### RECORDED INFORMATION
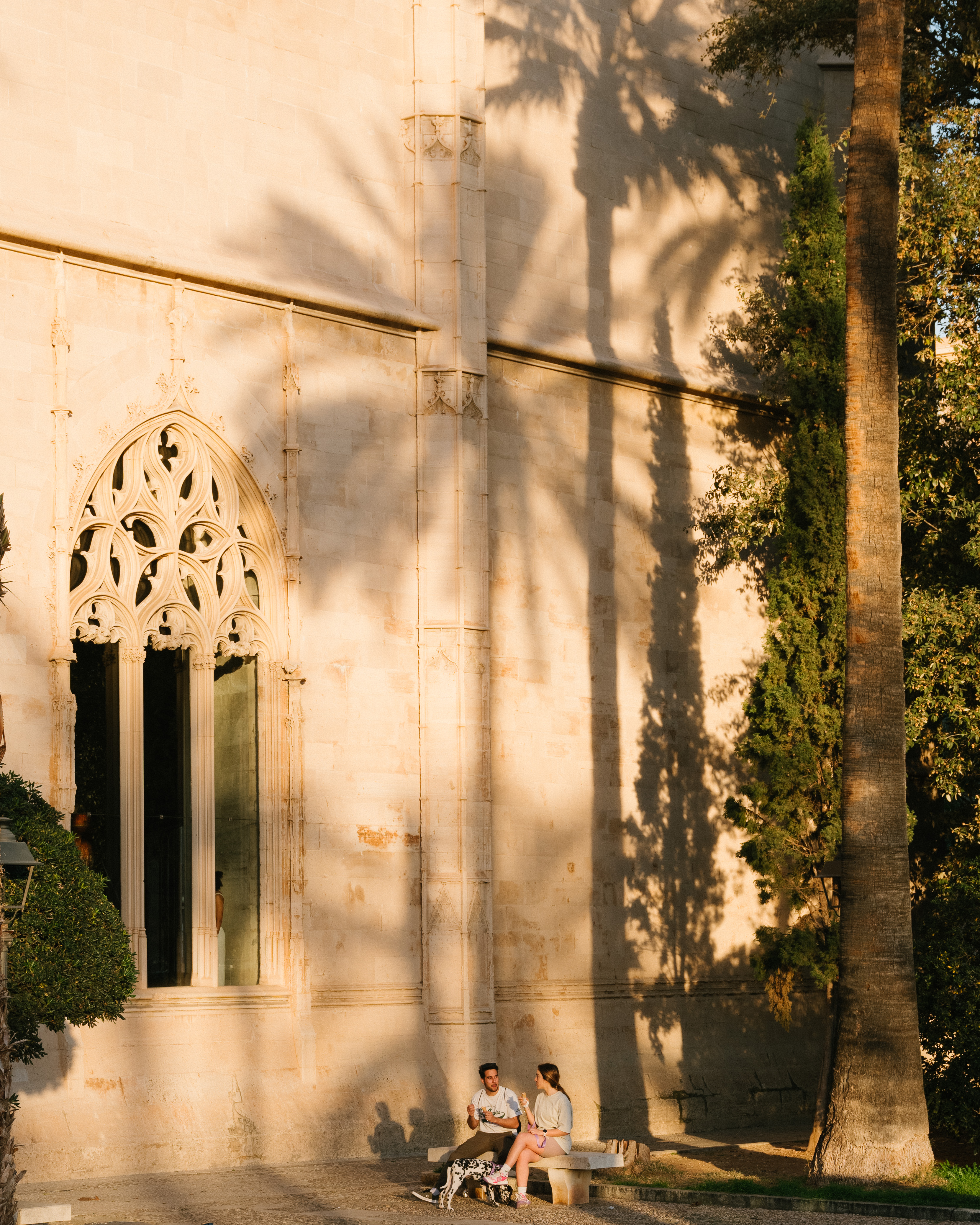 Couple sits on a bench near an ornate building while palm tree shadows fall on the stone wall in the afternoon sun.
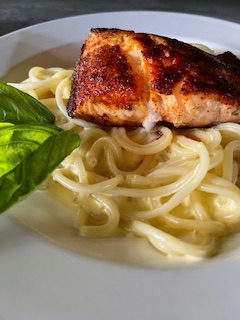 Grilled fish fillet on spaghetti with basil leaves on a white plate.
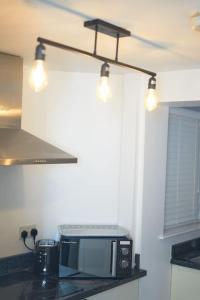 eine Küche mit Arbeitsplatte, Mikrowelle und Beleuchtung in der Unterkunft Cozy Apartment in Birchwood in Risley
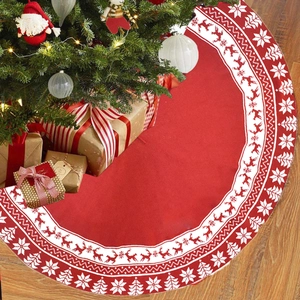 Detail of red knitted Christmas tree skirt with white reindeer and snowflake pattern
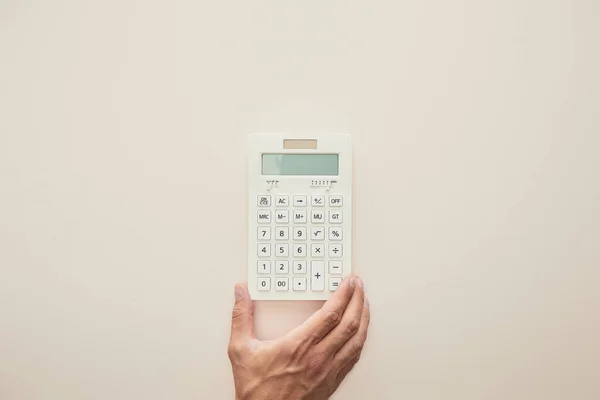 Cropped view of man holding calculator isolated on beige — Stock Photo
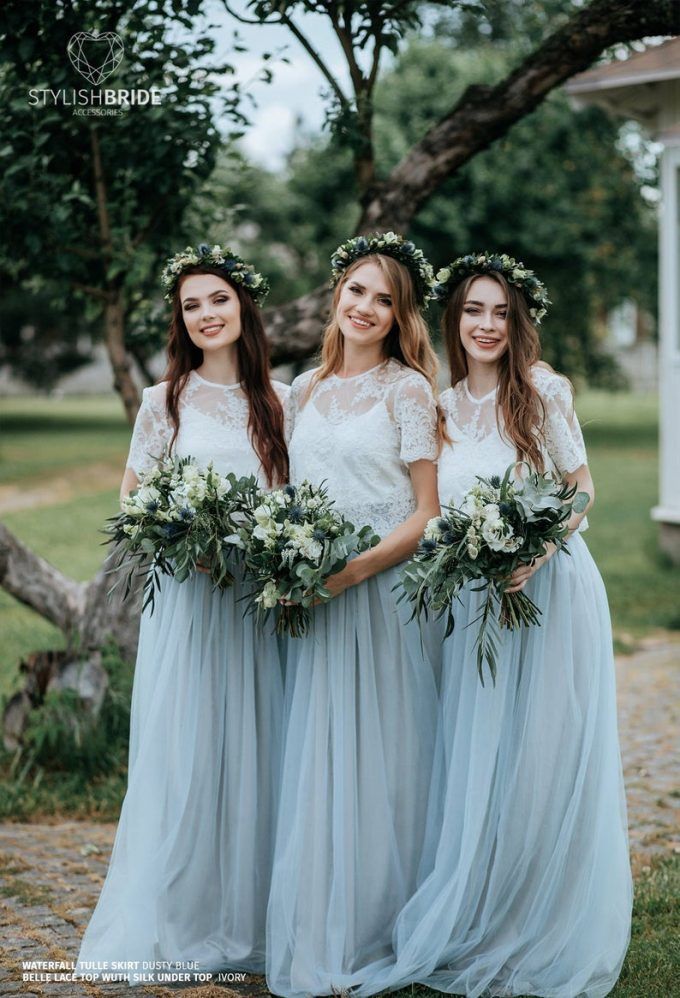 three bridesmaids in blue dresses with flowers on their head and bouquets around their necks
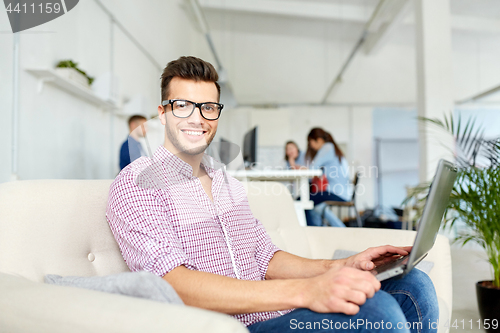 Image of man in eyeglasses with laptop working at office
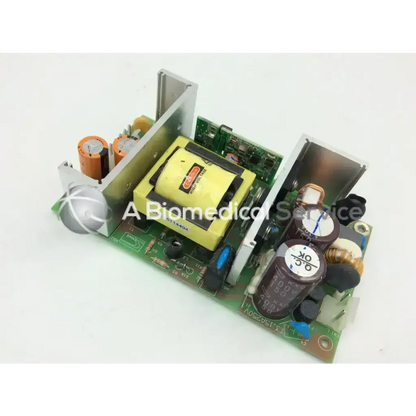 Green circuit board of skynet 850-9563-m power supplies featuring yellow transformer orange capacitors and silver heat sinks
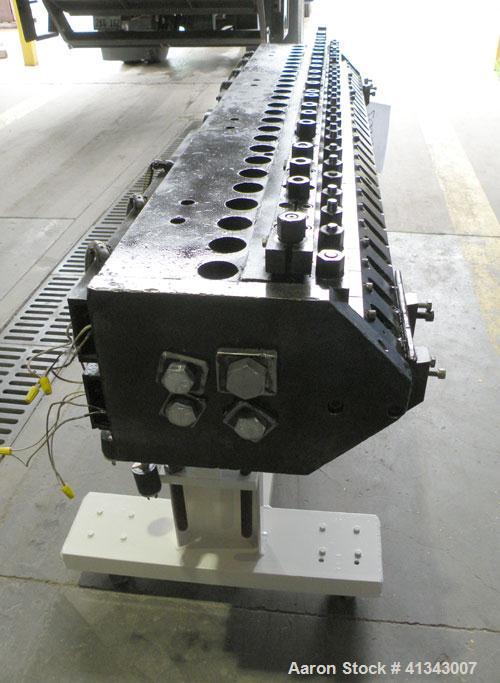 Used Titan Sheet Die, 78" wide. Approximate 1-5/8" diameter back center feed. Mounted on a cart with casters.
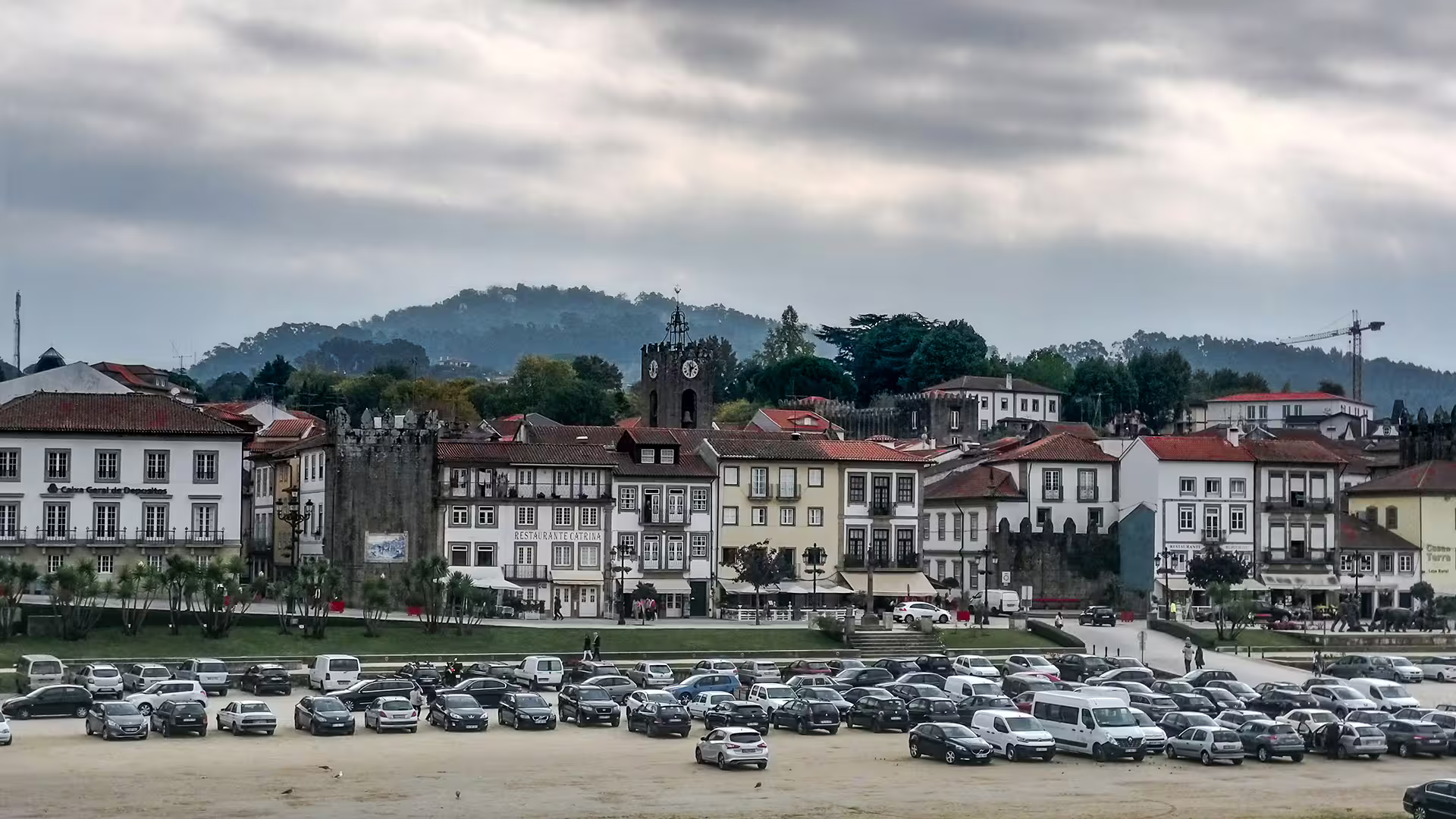 Scenic view of Ponte de Lima with historic architecture and parked cars, perfect for exploring the Vinho Verde wine region.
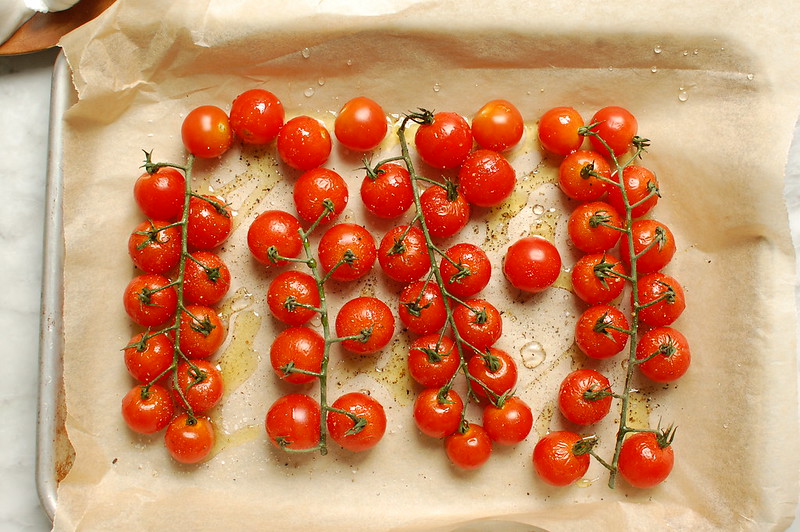 on the vine grape tomatoes on baking sheet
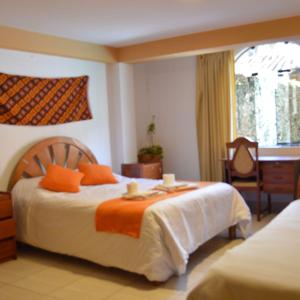 una camera d'albergo con letto e cuscini arancioni di Casa De paz a Písac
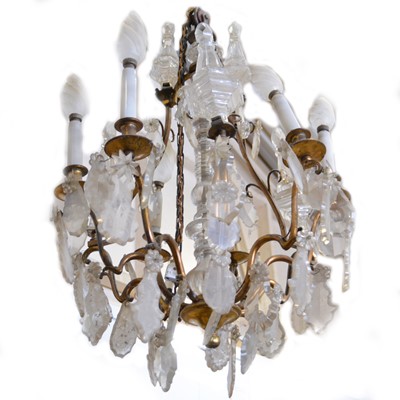 Lot 578 - Brass and cut glass chandelier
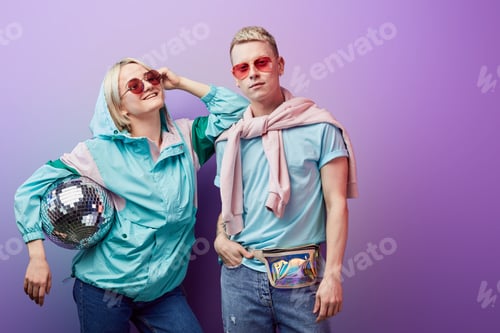 Preview: Young fashionable couple of dancers posing with disco ball on violet background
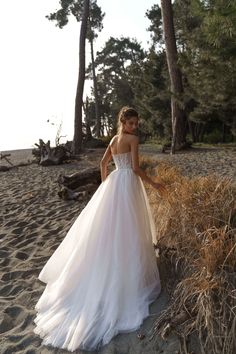 a woman standing on top of a sandy beach next to tall grass and pine trees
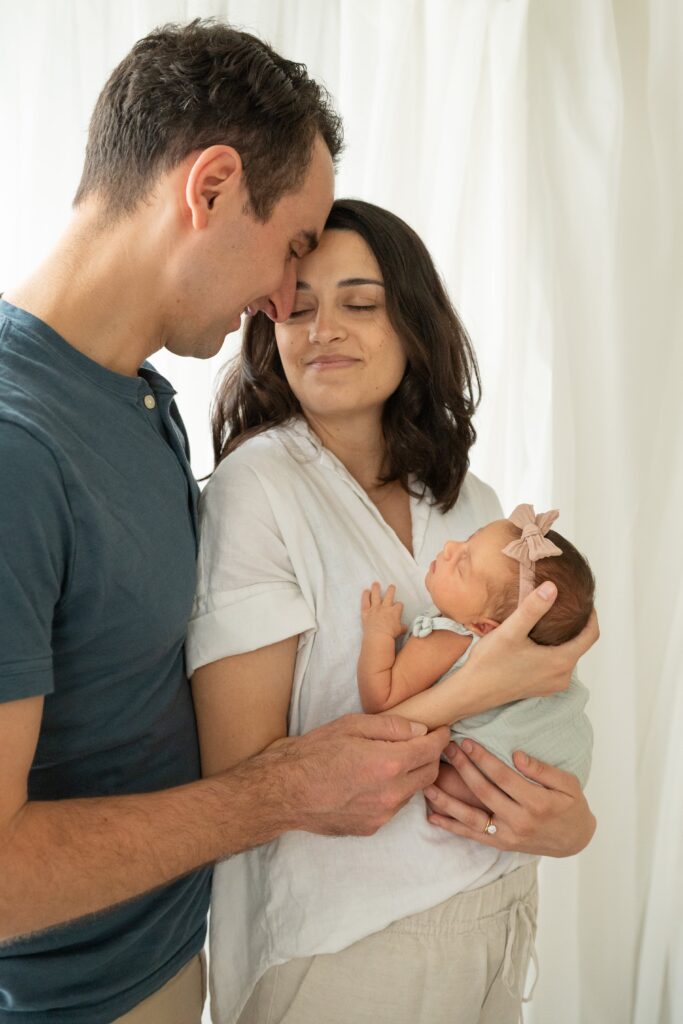 Parents looking down at sleeping newborn in soft lifestyle newborn studio setup.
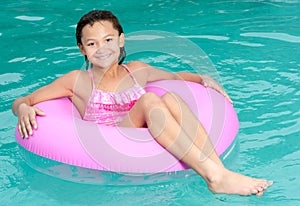 Young girl relaxes in swimming pool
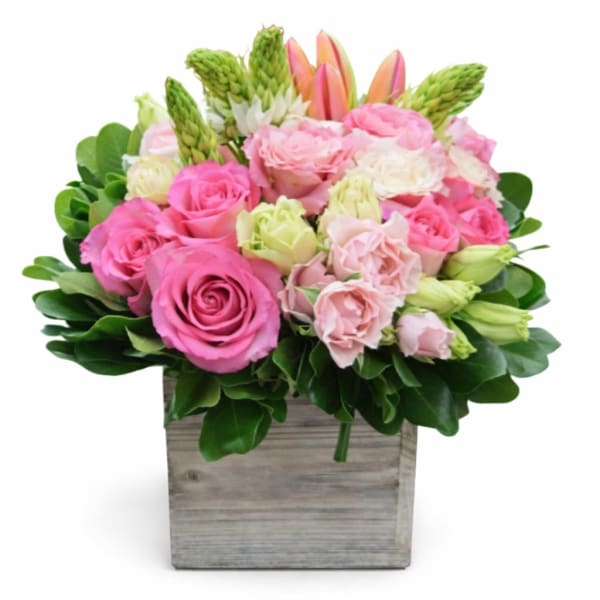 Pink roses and lisianthus in a wooden box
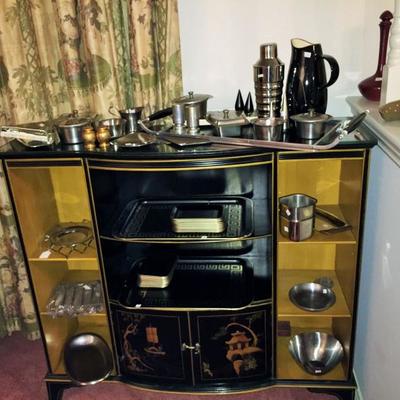 Oriental style bar with lots of great chrome bar ware.
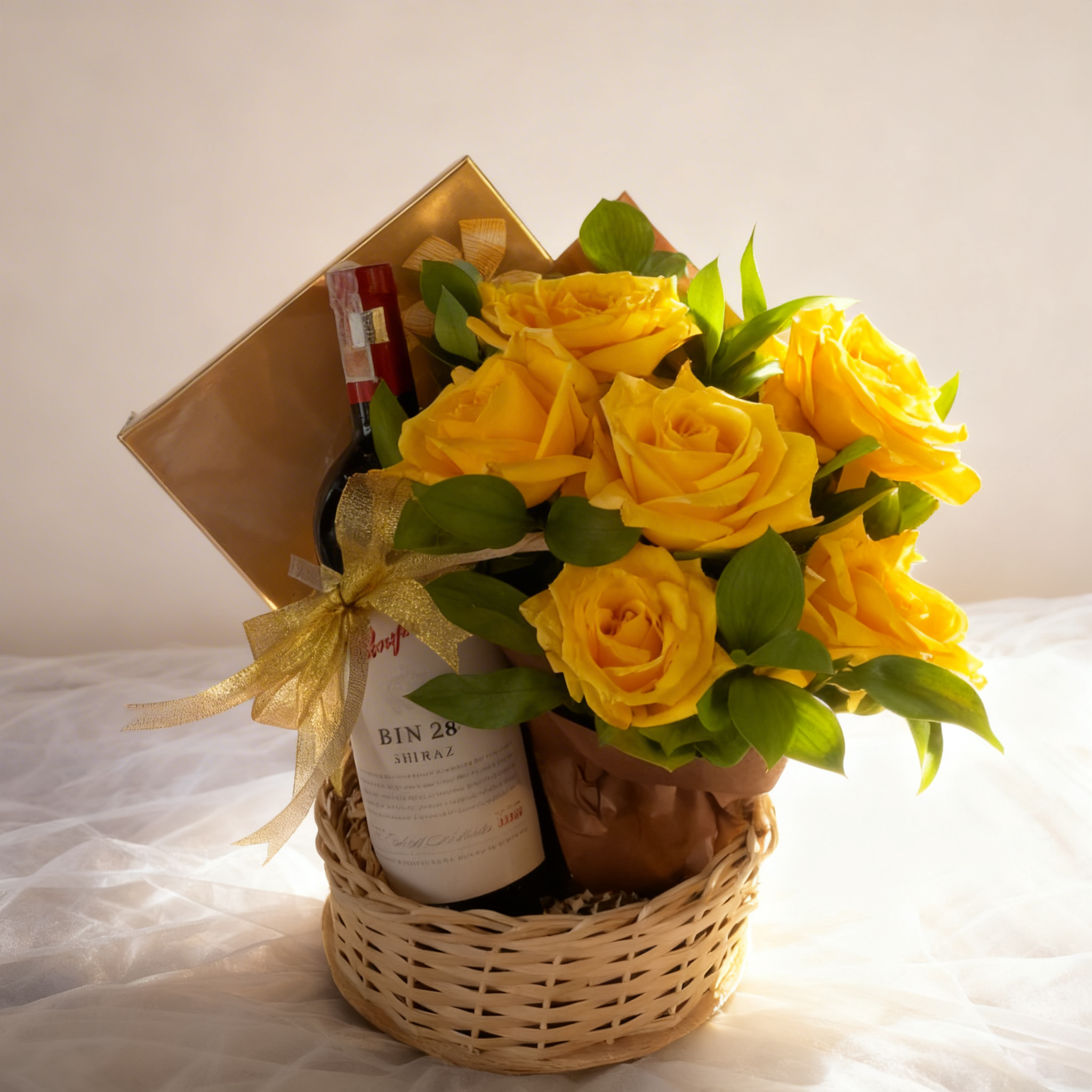 Golden Moments Gift Trio with yellow roses, red wine, and Lindt Lindor chocolates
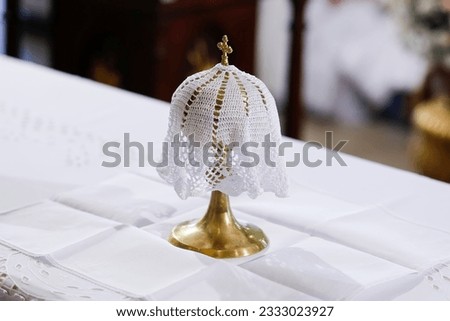 golden metal chalice or goblet with symbol of the cross of Christ, covered with white embroidered fabric on the altar - ampulla Royalty-Free Stock Photo #2333023927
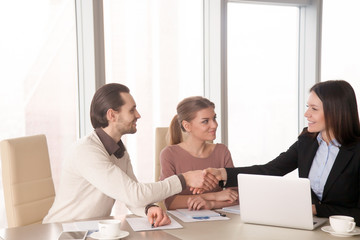 Young friendly businesswoman shaking hands with business partners during meeting sitting at office desk. Executive and employees handshaking starting briefing, work results report, nice to meet you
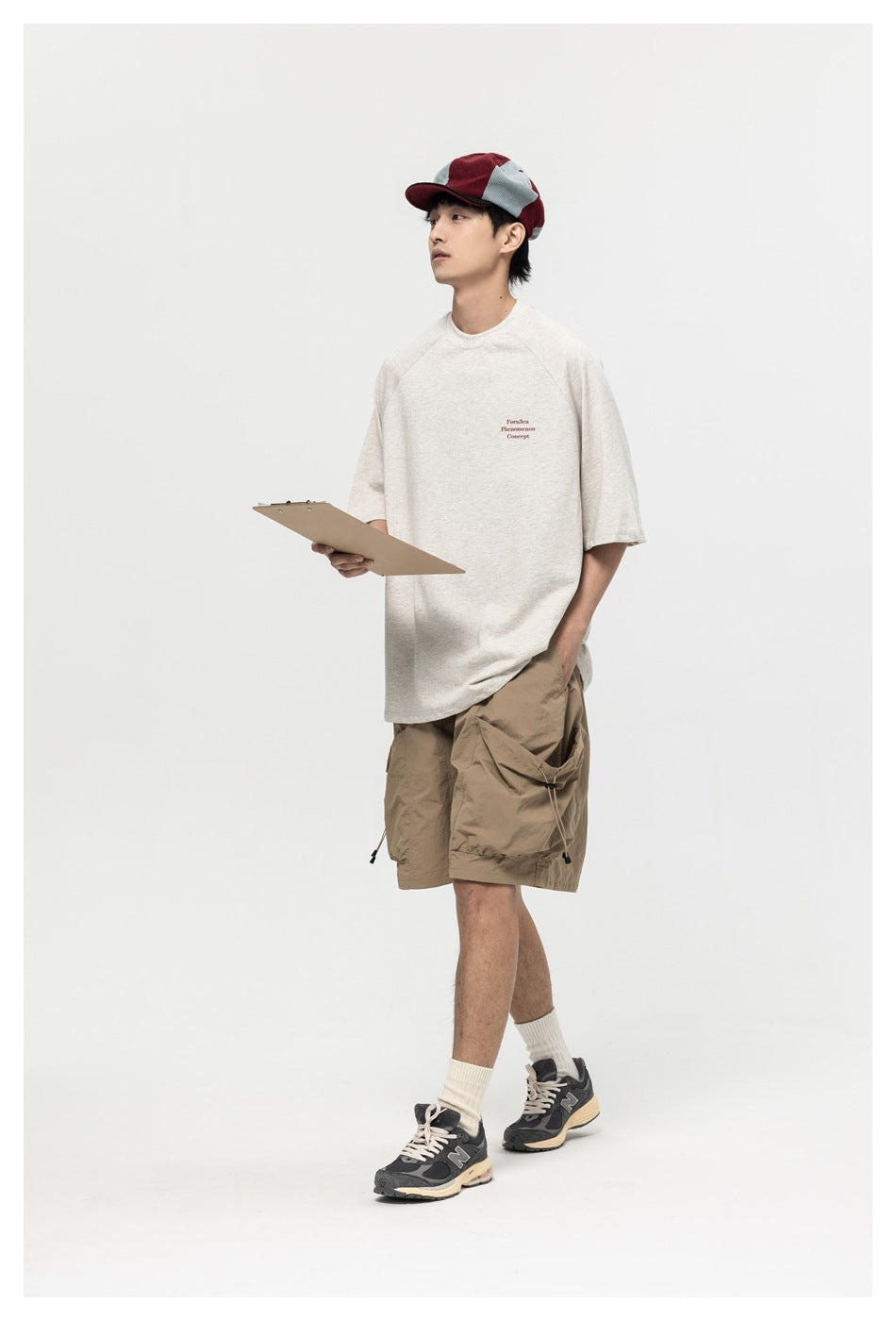 Model wearing light gray raglan-sleeve T-shirt with small chest text print, holding a clipboard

### WHAT THE EXERCISE ASKS
What is needed is a word-for-word copy of the lines from the one containing "three bridesmaids in" through the final line of the records above, both included, with the pictures left out.

### TASK RESPONSE
 three bridesmaids in blue dresses with flowers on their head and bouquets around their necks
 Image of man in eyeglasses with laptop working at office
 Green circuit board of skynet 850-9563-m power supplies featuring yellow transformer orange capacitors and silver heat sinks
 Used Titan Sheet Die, 78" wide. Approximate 1-5/8" diameter back center feed. Mounted on a cart with casters.
 Scenic view of Ponte de Lima with historic architecture and parked cars, perfect for exploring the Vinho Verde wine region.
 on the vine grape tomatoes on baking sheet
 una camera d'albergo con letto e cuscini arancioni di Casa De paz a Písac
 Lot 578 - Brass and cut glass chandelier
 Preview: Young fashionable couple of dancers posing with disco ball on violet background
 a woman standing on top of a sandy beach next to tall grass and pine trees
 Parents looking down at sleeping newborn in soft lifestyle newborn studio setup.
 Young girl relaxes in swimming pool
 Pink roses and lisianthus in a wooden box
 Oriental style bar with lots of great chrome bar ware.
 Golden Moments Gift Trio with yellow roses, red wine, and Lindt Lindor chocolates
 golden metal chalice or goblet with symbol of the cross of Christ, covered with white embroidered fabric on the altar - ampulla Royalty-Free Stock Photo #2333023927
 Young friendly businesswoman shaking hands with business partners during meeting sitting at office desk. Executive and employees handshaking starting briefing, work results report, nice to meet you
 Model wearing light gray raglan-sleeve T-shirt with small chest text print, holding a clipboard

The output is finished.